Он привстал было, но был остановлен еще одной пощечиной и остался сидеть. Тетя Марит полупридушенно взвыла. У мамки руки и шея зарделись ярким пламенем, похоже было, она вот-вот бросится в новую атаку; должно быть, дядя Оскар тоже заметил это, потому что попытался обхватить ее руками, с тем результатом, что и он тоже схлопотал по морде.
— Конечно, теперь тебе понадобилось встрять, — завопила она. — А где же ты был, когда был нужен мне?!
— Что это вы там вытворяете? — крикнула бабушка из гостиной.
— Посмотри на нее! — закричала мамка стальным голосом, показывая на забившуюся в угол Линду, вцепившуюся одной рукой в бамбуковую палочку от «микадо» и в меня — другой; или, может, это я в нее вцепился, а не она в меня. — Это тебе ничего не напоминает?
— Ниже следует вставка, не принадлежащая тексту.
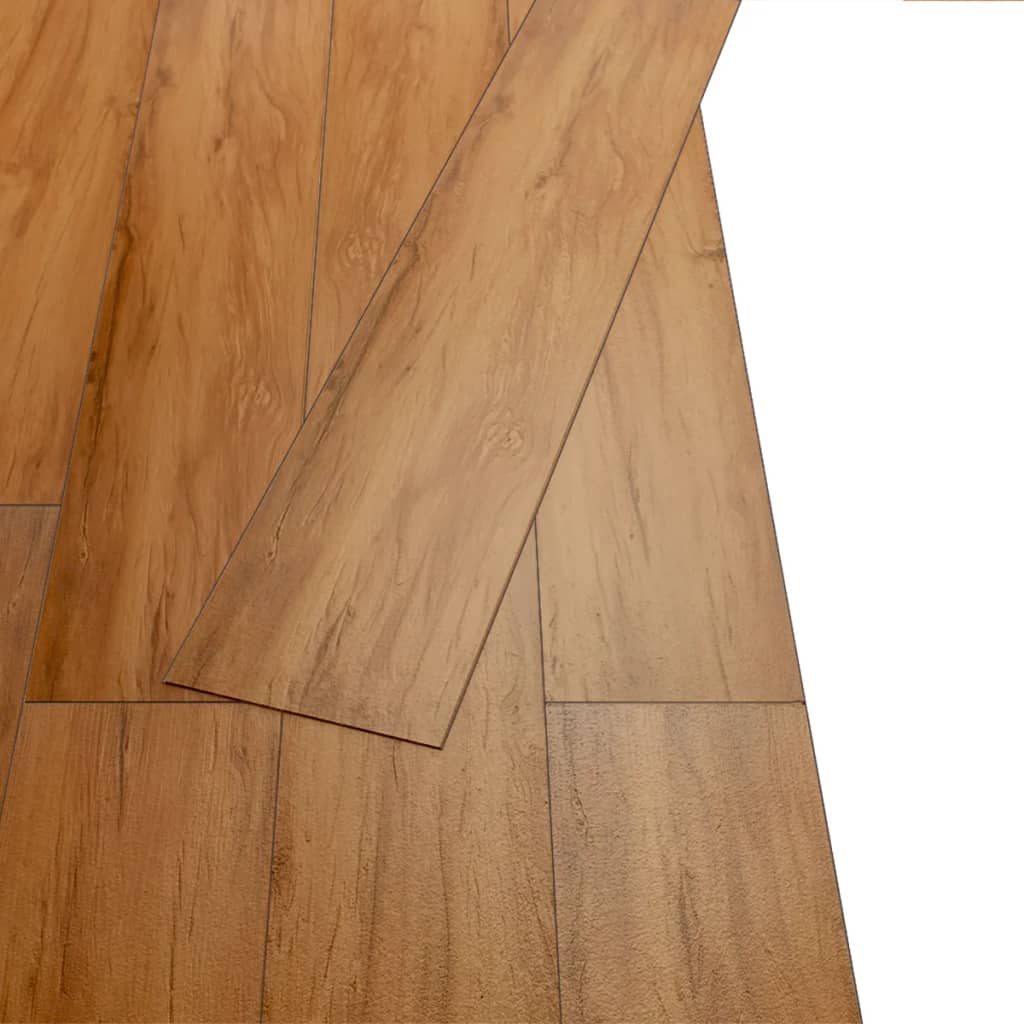 vidaXL Самозалепващи подови дъски от PVC 5,21 м² 2 мм натурален бряст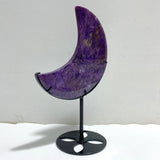 Large Charoite Moon Carving With Stand 10 -Wholesale Crystals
Это тебе ничего не напоминает?
Дядя Оскар виновато и жалко поник.
— Ты был взрослым и видел, что происходит, — не унималась мамка, — и ты, и эта бестолочь в гостиной!
— Больно! — воскликнула Марит, и другие девчонки расплакались все по очереди; тут мамка, похоже, пришла в себя и начала воспринимать окружающее, может быть, услышала невнятное бормотание дяди Бьярне:
— Думаешь, он только над тобой измывался, дура.
Дальше последовало что-то о темноте в ванной, что, как я понял, имело отношение к их отцу, моему дедушке, о котором говорили еще меньше, чем о моем отце, — мы даже на могилу к нему не ходили, за ней ухаживал дядя Оскар; я один раз с ним сходил накануне Рождества четыре года тому назад, днем, холодина была жуткая; мы зажгли свечки и положили венок среди миллионов других, а когда я спросил, на небе ли дедушка, дядя Оскар тихо и спокойно пробубнил, выпустив морозный пар, что — нет, он в аду.
Услышать подобное от дяди Оскара — такое не часто случается, так что я постоял немного, ковыряя снег носком ботинка и раздумывая; но он сказал это так, что слова прозвучали буднично, дескать, где-то для каждого из нас найдется место, так что я совсем про это забыл, а вспомнил только сейчас, когда обнаружил, что и на дядю Тура тоже нашло что-то непонятное и он стоит, прижавшись лбом к ледяному оконному стеклу, и плачет как ребенок.
— Да, веселенькая у нас семейка, — фыркнула мамка и объявила, что праздник закончен, для нас во всяком случае, вытащила нас за собой в прихожую и принялась одевать Линду, стоявшую прямо как зажженная свечка и все еще сжимавшую в руке палочку от «микадо»; мамке пришлось сломать ее, чтобы надеть на эту руку варежку, я тем временем запихивал обратно в рюкзак наши подарки.
— Чего это вы там делаете? — крикнула бабушка.